• **Supplied material**

..............................

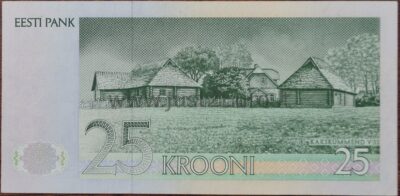 25 Крон банкнот 1991 Эстония UNC
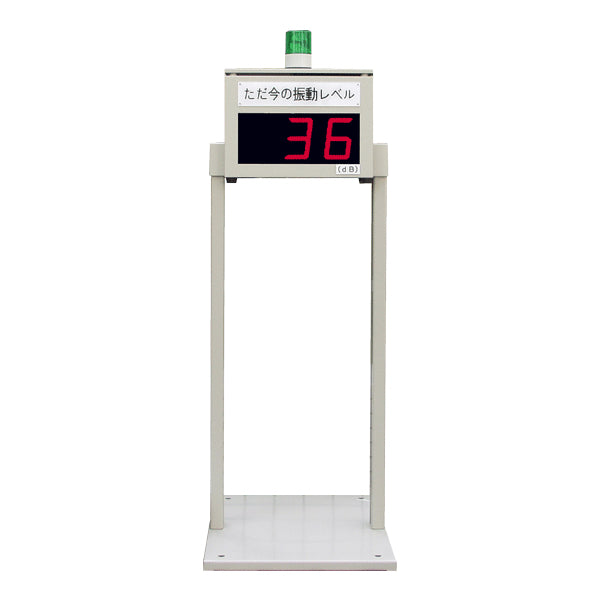 ソーテック 振動表示装置 VP-235
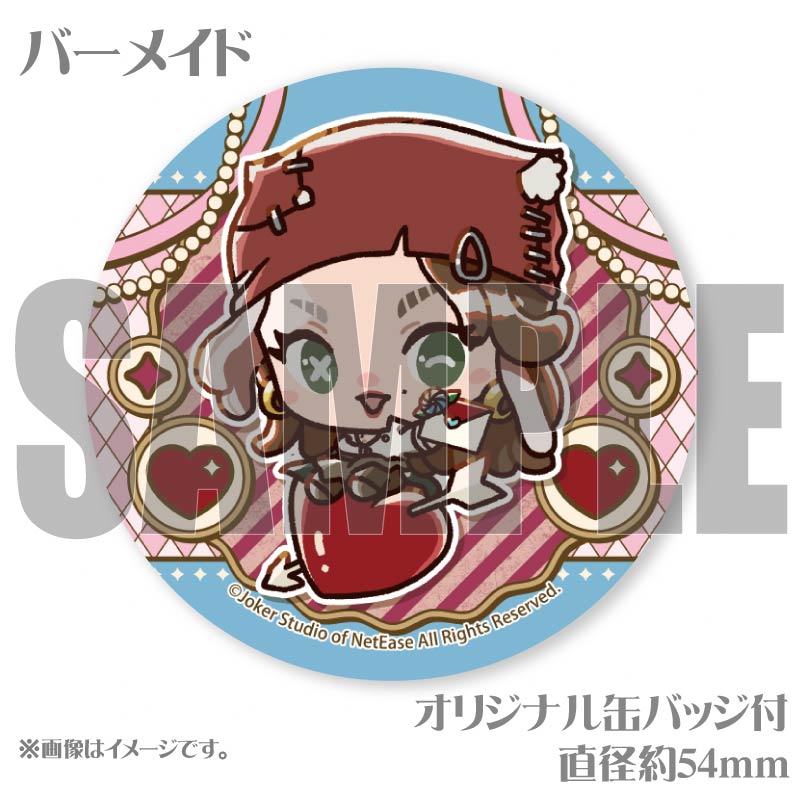 ホワイトデープリケーキ2025（バーメイド）【特典缶バッジ付き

..............................

• **Task statement**
Pictures aside, reproduce all of the material above without alteration.

• **Result**
 25 Крон банкнот 1991 Эстония UNC
 ソーテック 振動表示装置 VP-235
 ホワイトデープリケーキ2025（バーメイド）【特典缶バッジ付き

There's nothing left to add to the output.